[WHAT TO DO]:
First find the line with "Отель Forest Hills Suites", then reproduce it and all following lines of the data to the end, exactly and with no pictures, adding nothing.

[Saved entries]
***

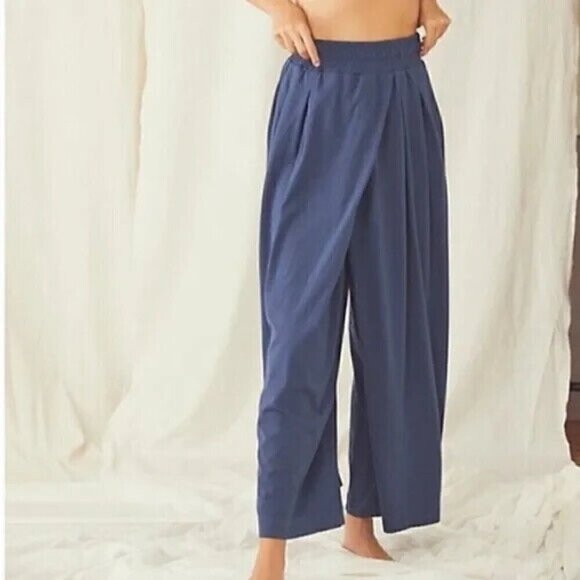 Free People Ultra-Wide Leg Pleated High Rise Pull-On Pants Blue size Small - Picture 2 of 9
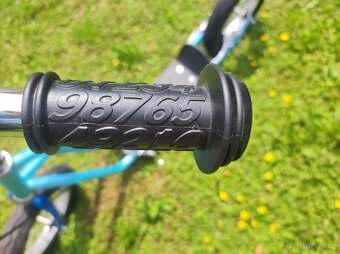 Dětská koloběžka Yedoo WZOOM - 15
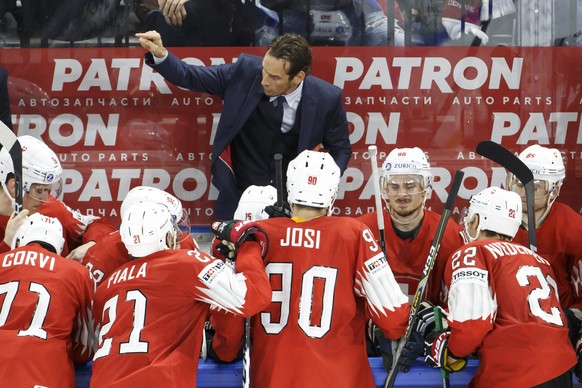 Patrick Fischer, head coach of Switzerland national ice hockey team, speaks to his players, during the IIHF 2018 World Championship, during the Gold Medal game between Sweden and Switzerland, at the R ...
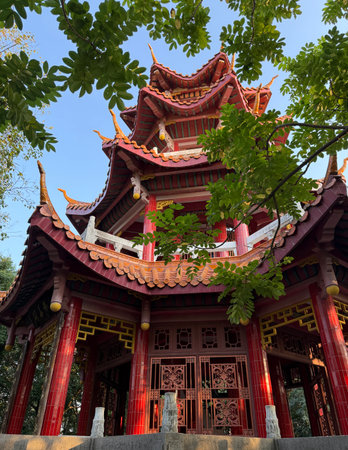 In the winter, the pavilion on the hillside outside the southern suburbs, the trees, plants, and the interior of the pavilion.の写真素材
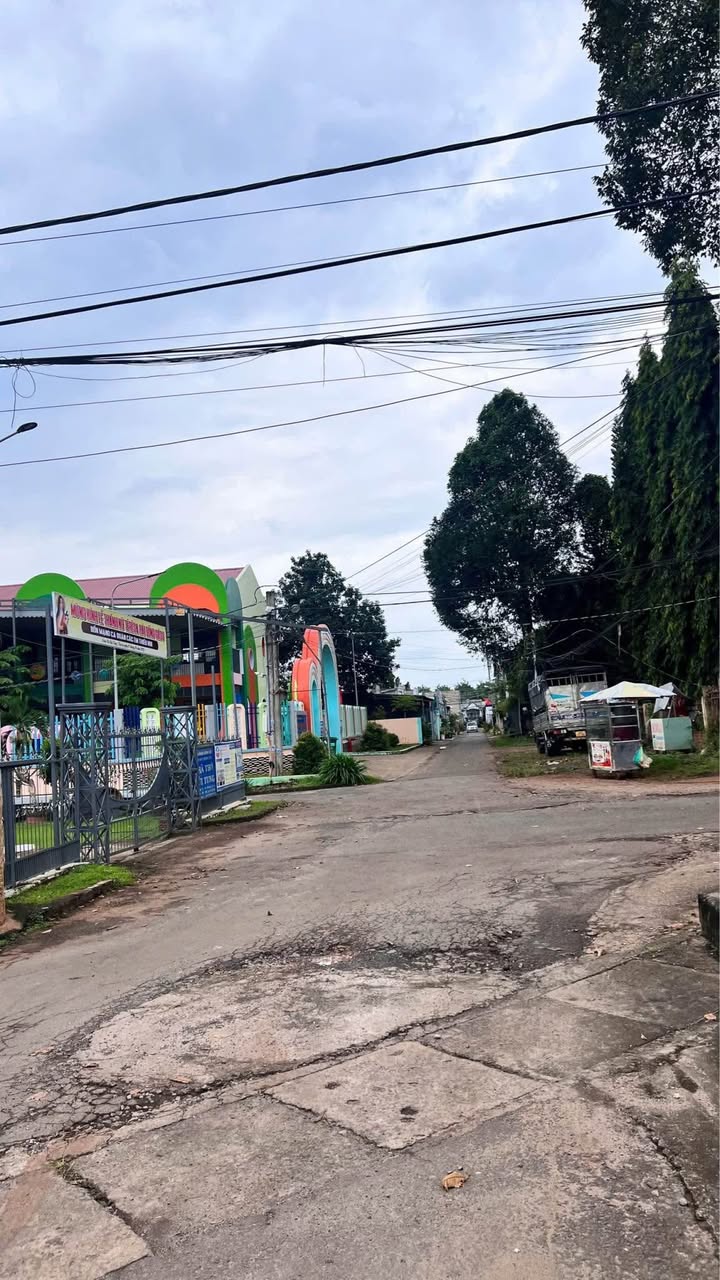 Nhà phố Suối Tre, Long Khánh 141.6m² giá 2 tỷ - Full thổ cư, ô tô vào tận nhà!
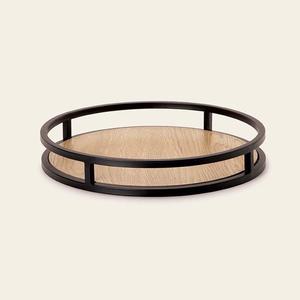 Ensemble de plateaux en bois contemporains avec poignées en métal thermolaqué durables, conçus pour le petit-déjeuner, le café, le thé et l'hôtellerie de luxe - Product Image 4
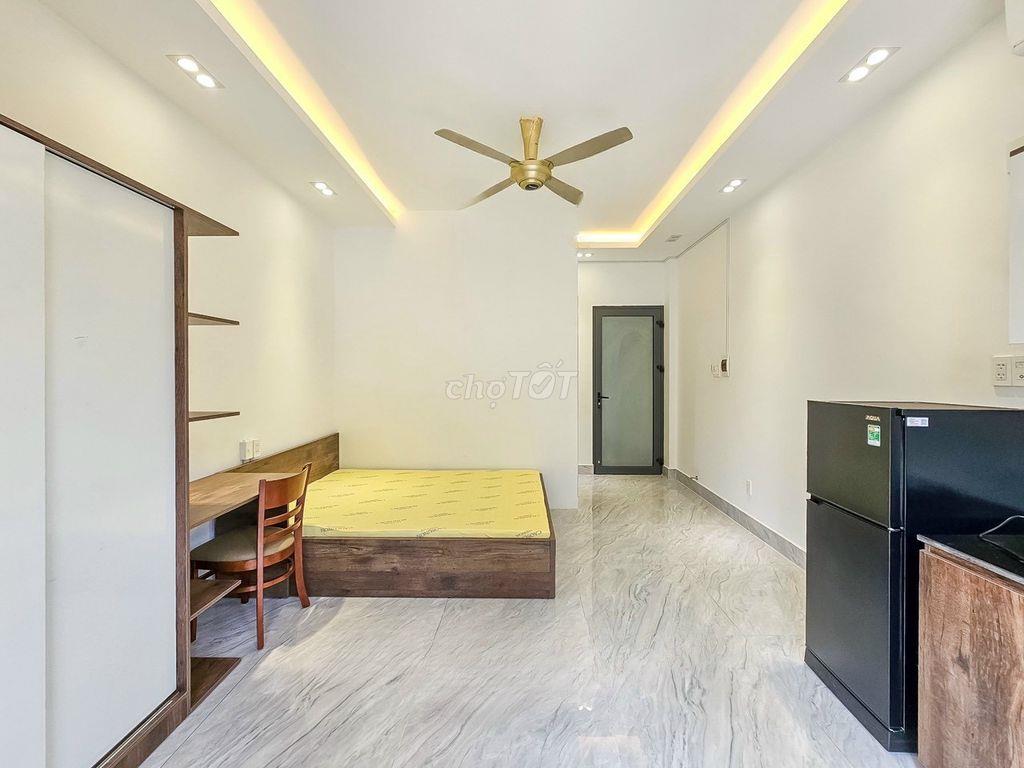 Căn hộ có ban công, cửa sổ, phòng rộng, đủ nội thất ngay Quận 7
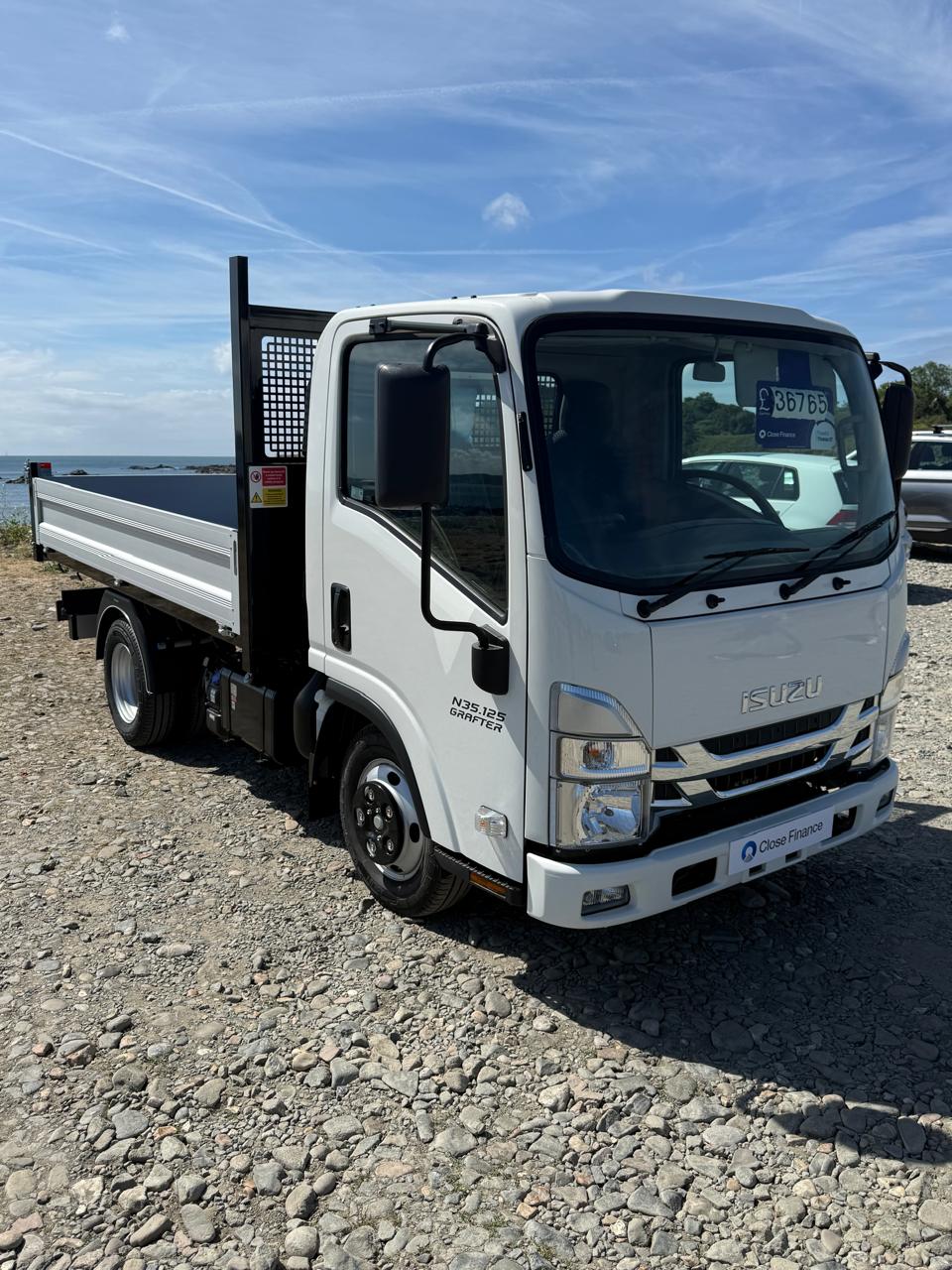 
								Isuzu N35.125 (T) SWB Euro 6 steel floor tipper full									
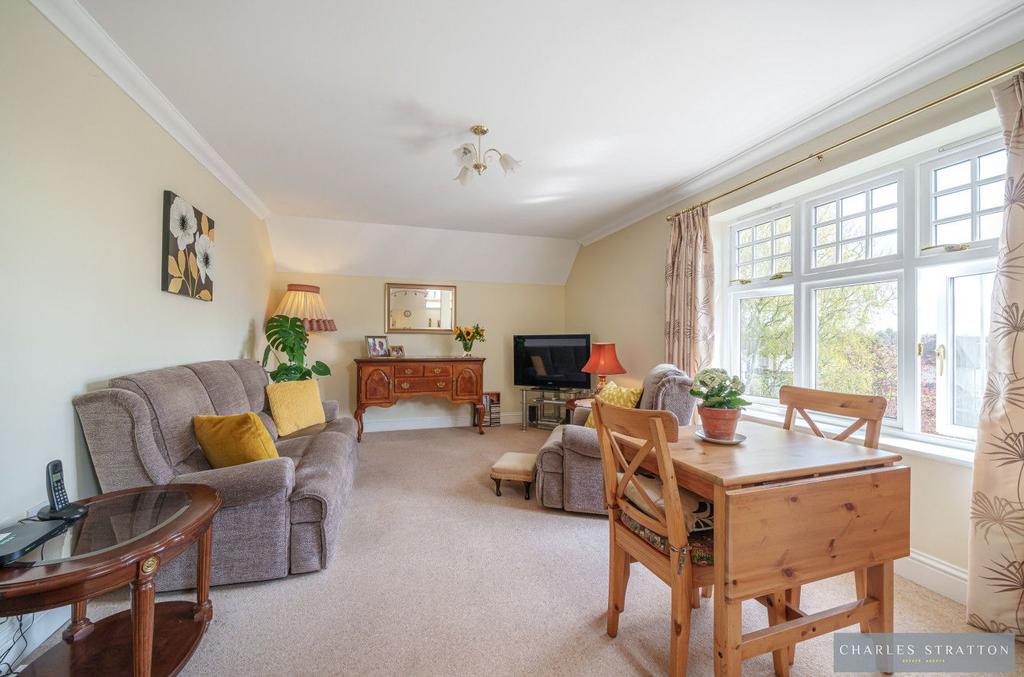 Highlands Apartments, Gidea Park 2 bed apartment for sale £400,000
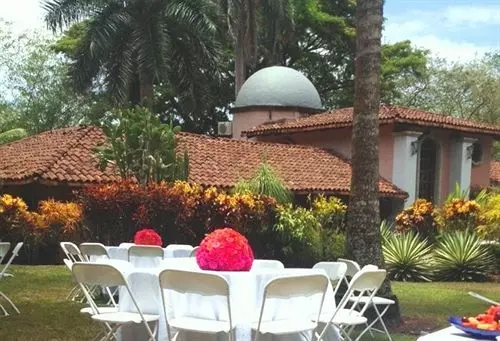 Отель Forest Hills Suites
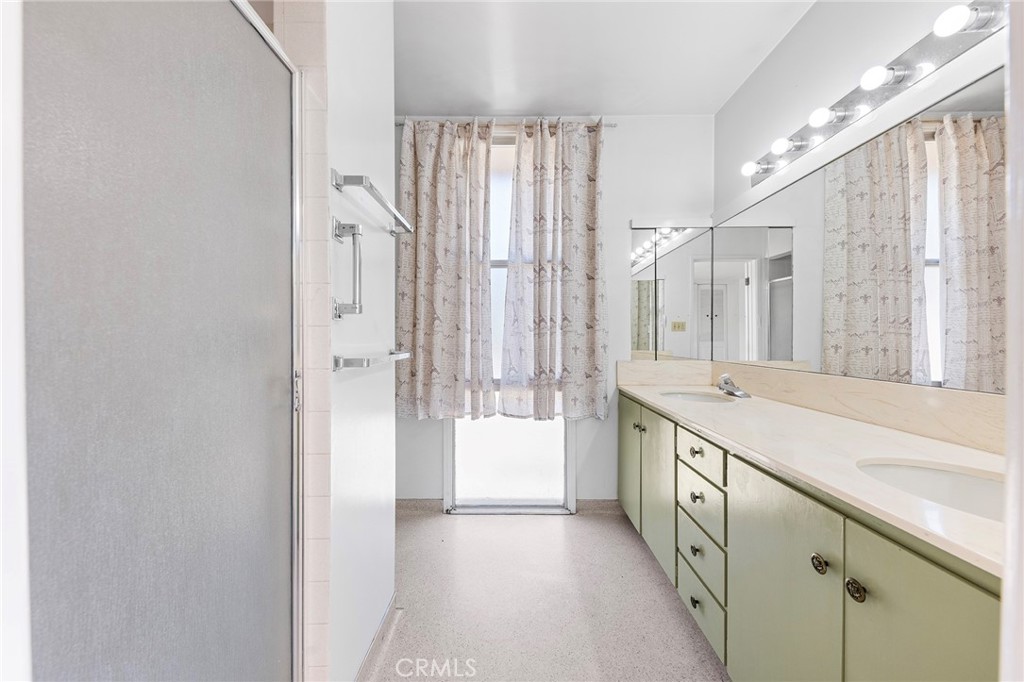 7140 N Muscatel Avenue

***

[SOLUTION]:
 Отель Forest Hills Suites
 7140 N Muscatel Avenue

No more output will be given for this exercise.